The greatest joy I have is to let go of that control completely through drink, weed, or otherwise with someone I feel safe enough with to let that happen. What most people enjoy most about mind altering things is the freedom and loss of control. I enjoy drinking but do not enjoy at all the loss of control that comes with it. If I ever have truly let go around you and let loose, it is the greatest compliment I can give you.
This dichotomy leads to the greatest joy and also the things I beat myself up over. I truly love the feeling of letting go around people I trust and just being the child inside. I laugh no harder than when I am this unguarded person. I do not regret it in the morning when I do this with people I feel free enough to do it with. The gift I presented was freely gifted. I do beat myself up when it happens with others however, or when things such as crazy drivers let my anger pop out.
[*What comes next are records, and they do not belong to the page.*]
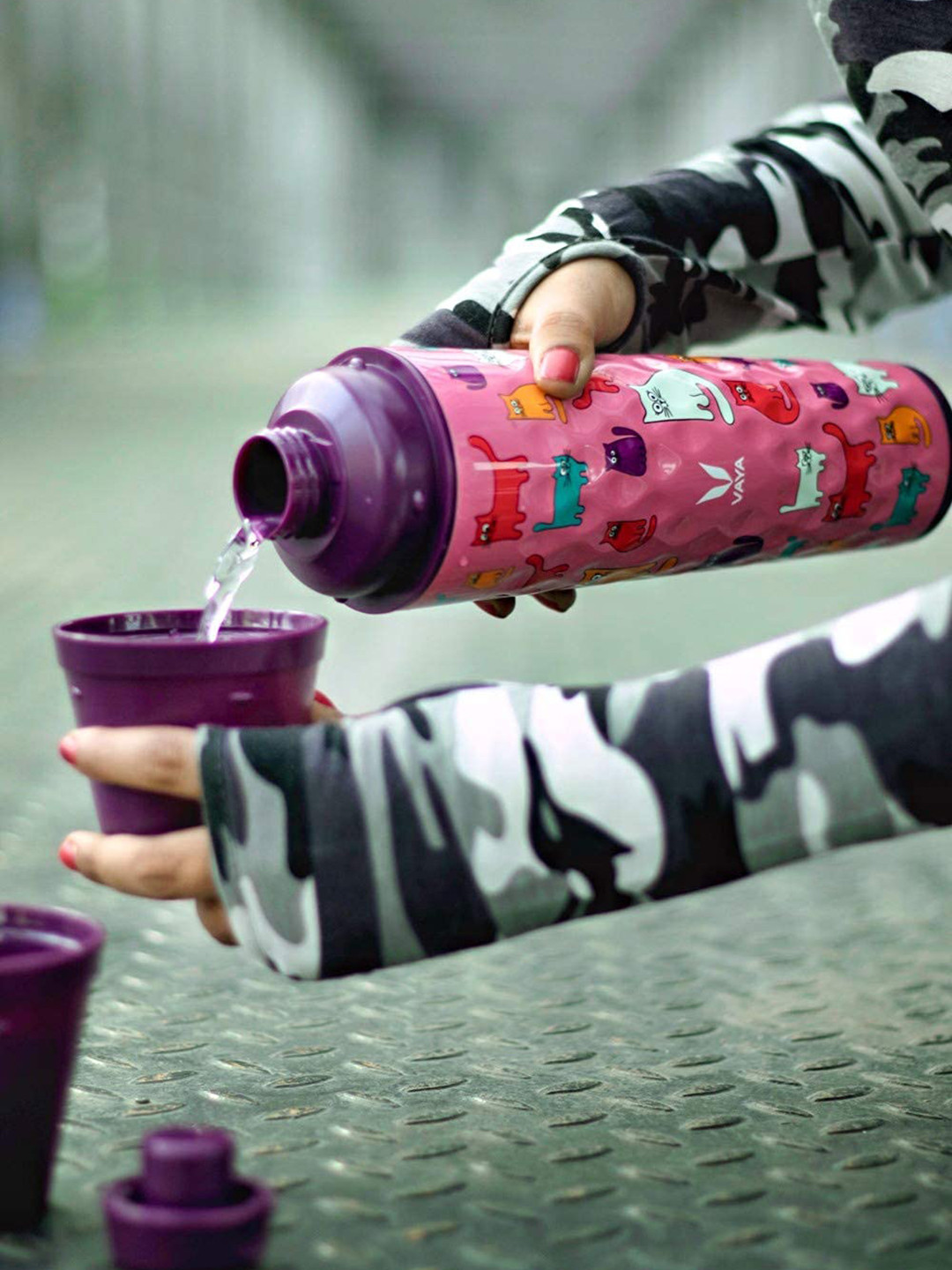 

Vaya Pink & Purple Printed Stainless Steel Water Bottle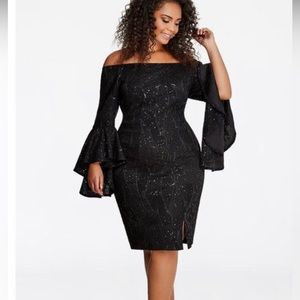 Worn once! Black sequin and lace dress. Size 26/28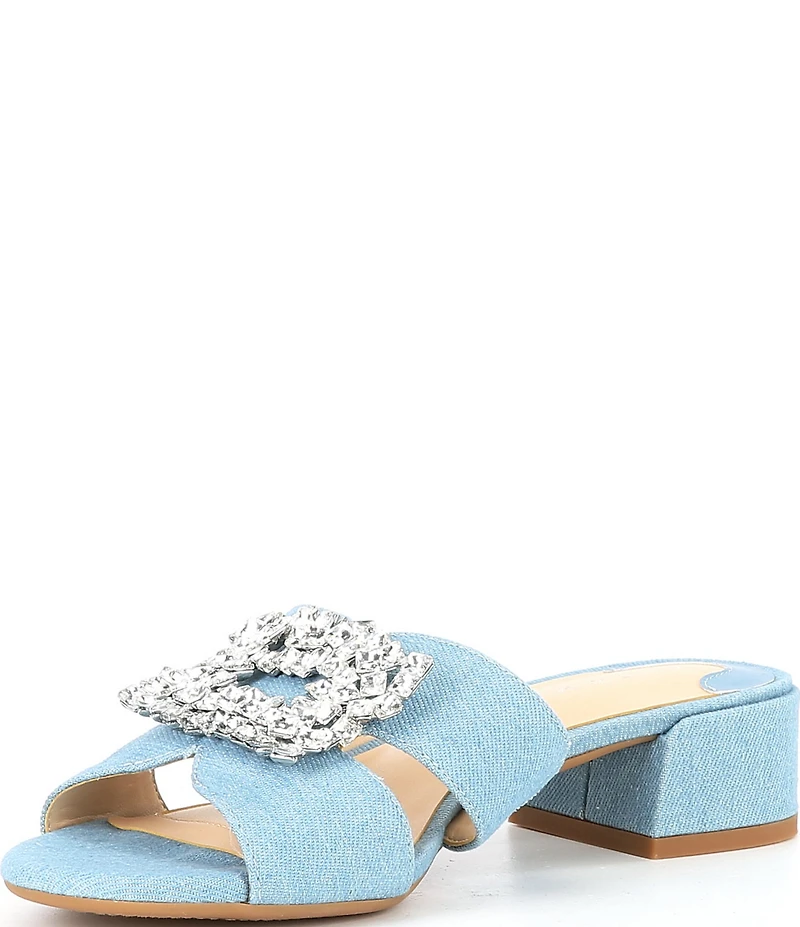 Alex Marie Colette Denim Jewel Buckle Ornament Dress Sandals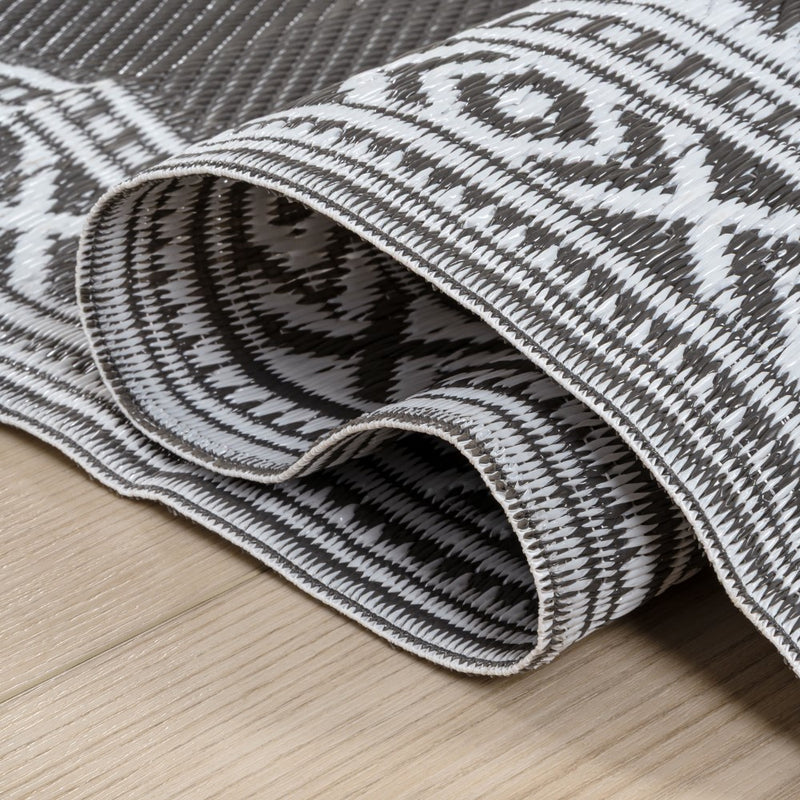 Dory Medallion Border Foldable Waterproof Reversible Plastic Straw Area Rug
One of the things that people misunderstand about me is that although I really enjoy traveling, I hate to do it by myself. One of the greatest joys is to find something truly beautiful out there. It could be an animal, scenery, a building, or some other random thing. It is one thing to capture this in a photo and share it that way… But when that can be shared live with another person, another soul, that bond can put a lasting mark in both hearts. One of my greatest frustrations is to see that and not be able to share it. A photo often does not capture the scene appropriately.
The biggest mistake I made that I am grateful now for making, though it will eventually result in my life ending, is not acting quickly enough when I had my pancreatic attack. I have since been a type 1 diabetic as I can’t produce insulin anymore…
But I am also kinder to my body and mind as a result of it.